Durante a passagem da subsecretária de Estado adjunta dos EUA para a América Latina, Bisa Williams, por Havana, esta foi surpreendida pela insólita solicitação da blogueira: “levantar as restrições que a impedem de fazer compras pela Internet”. É, depois de vender-se, nada melhor do que ir às compras.

O fato de Posada Carriles, terrorista cubano, nacionalizado venezuelano, agente da CIA, haver colocado bombas em hotéis de Havana e em um avião da Cubana de Aviación, em pleno ar, em 1976, em Barbados, com 73 pessoas (a maioria jovens cubanos e coreanos atletas de esgrima), e hoje perambular lépido e fagueiro pelas ruas de Miami, também não deve ser considerado por ela uma questão de Direitos Humanos. Por fim, Direitos Humanos seletivos é aquilo a que ela se dedica, seguramente.

Displicente com a história do país que a viu nascer, talvez não lhe tenha chegado aos ouvidos o Grito de Yara, a guerra pátria contra a colonização espanhola, deflagrada pelo latifundiário patriota Carlos Manuel de Céspedes, o Pai da Pátria. Nela, destacou-se, por seu heroísmo, a negra africana Carlota, que à frente de outros negros comandou o incêndio dos canaviais do colonizador. Muito menos a figura de José Marti, patriota e herói da independência de Cuba, deve merecer sua atenção.

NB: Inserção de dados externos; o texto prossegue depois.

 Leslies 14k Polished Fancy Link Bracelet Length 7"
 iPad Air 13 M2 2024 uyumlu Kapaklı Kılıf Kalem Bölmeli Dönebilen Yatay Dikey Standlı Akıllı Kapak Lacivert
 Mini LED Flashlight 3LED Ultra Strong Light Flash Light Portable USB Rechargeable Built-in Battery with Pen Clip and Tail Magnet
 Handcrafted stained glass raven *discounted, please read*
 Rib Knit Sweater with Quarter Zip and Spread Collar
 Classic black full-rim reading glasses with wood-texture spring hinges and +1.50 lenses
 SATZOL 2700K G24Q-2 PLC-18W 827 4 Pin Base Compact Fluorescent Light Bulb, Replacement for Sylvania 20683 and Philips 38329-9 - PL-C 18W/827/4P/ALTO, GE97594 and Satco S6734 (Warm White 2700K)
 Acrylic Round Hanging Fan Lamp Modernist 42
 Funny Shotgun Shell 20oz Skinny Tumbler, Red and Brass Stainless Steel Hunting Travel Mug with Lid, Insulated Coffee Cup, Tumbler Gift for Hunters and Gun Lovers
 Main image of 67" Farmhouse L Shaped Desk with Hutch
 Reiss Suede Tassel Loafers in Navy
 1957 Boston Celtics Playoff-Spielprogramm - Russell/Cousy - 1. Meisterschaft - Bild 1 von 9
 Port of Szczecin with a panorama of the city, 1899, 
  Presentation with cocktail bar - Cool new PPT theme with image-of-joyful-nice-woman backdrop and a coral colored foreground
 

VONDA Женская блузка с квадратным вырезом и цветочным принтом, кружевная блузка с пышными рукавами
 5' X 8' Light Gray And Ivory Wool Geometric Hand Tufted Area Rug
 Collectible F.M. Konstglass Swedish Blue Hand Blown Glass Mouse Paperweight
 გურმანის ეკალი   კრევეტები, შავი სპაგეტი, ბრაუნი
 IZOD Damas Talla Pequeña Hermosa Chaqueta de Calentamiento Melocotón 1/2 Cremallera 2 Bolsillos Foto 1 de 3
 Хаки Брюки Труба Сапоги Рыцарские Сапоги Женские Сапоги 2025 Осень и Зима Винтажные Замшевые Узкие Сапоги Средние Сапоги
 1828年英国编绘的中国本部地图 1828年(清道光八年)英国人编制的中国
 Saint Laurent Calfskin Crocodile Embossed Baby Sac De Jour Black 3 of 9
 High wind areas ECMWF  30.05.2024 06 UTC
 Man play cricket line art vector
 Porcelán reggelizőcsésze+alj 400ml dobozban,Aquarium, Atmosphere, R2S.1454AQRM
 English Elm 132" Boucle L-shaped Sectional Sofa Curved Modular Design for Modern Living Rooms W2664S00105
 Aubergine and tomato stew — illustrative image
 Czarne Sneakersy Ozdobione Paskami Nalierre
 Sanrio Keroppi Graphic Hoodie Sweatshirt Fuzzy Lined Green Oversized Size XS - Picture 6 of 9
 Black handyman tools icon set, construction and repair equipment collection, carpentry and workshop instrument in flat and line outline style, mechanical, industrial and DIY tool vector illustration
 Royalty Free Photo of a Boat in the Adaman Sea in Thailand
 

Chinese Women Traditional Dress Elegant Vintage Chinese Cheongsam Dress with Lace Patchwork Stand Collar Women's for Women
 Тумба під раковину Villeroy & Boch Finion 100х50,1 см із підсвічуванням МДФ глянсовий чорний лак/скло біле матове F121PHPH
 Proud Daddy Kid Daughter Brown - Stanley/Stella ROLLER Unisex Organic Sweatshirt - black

Na História de Cuba, nada relativo à sua independência e soberania acontece sem a participação e união de todo o povo. Portanto, não seria agora, diante da Revolução dirigida por Fidel Castro, vitoriosa na invasão da Baía dos Porcos, patrocinada pelos EUA, e que superou o Período Especial, que o povo cubano, escola de homens e mulheres líderes, heróis e patriotas, iria cair no canto da sereia de marujos de primeira viagem que desconhecem a trajetória, a convicção e a dignidade de uma Revolução gloriosa.

* Fernando Mousinho é sociólogo e assessor do PSB na Câmara dos Deputados.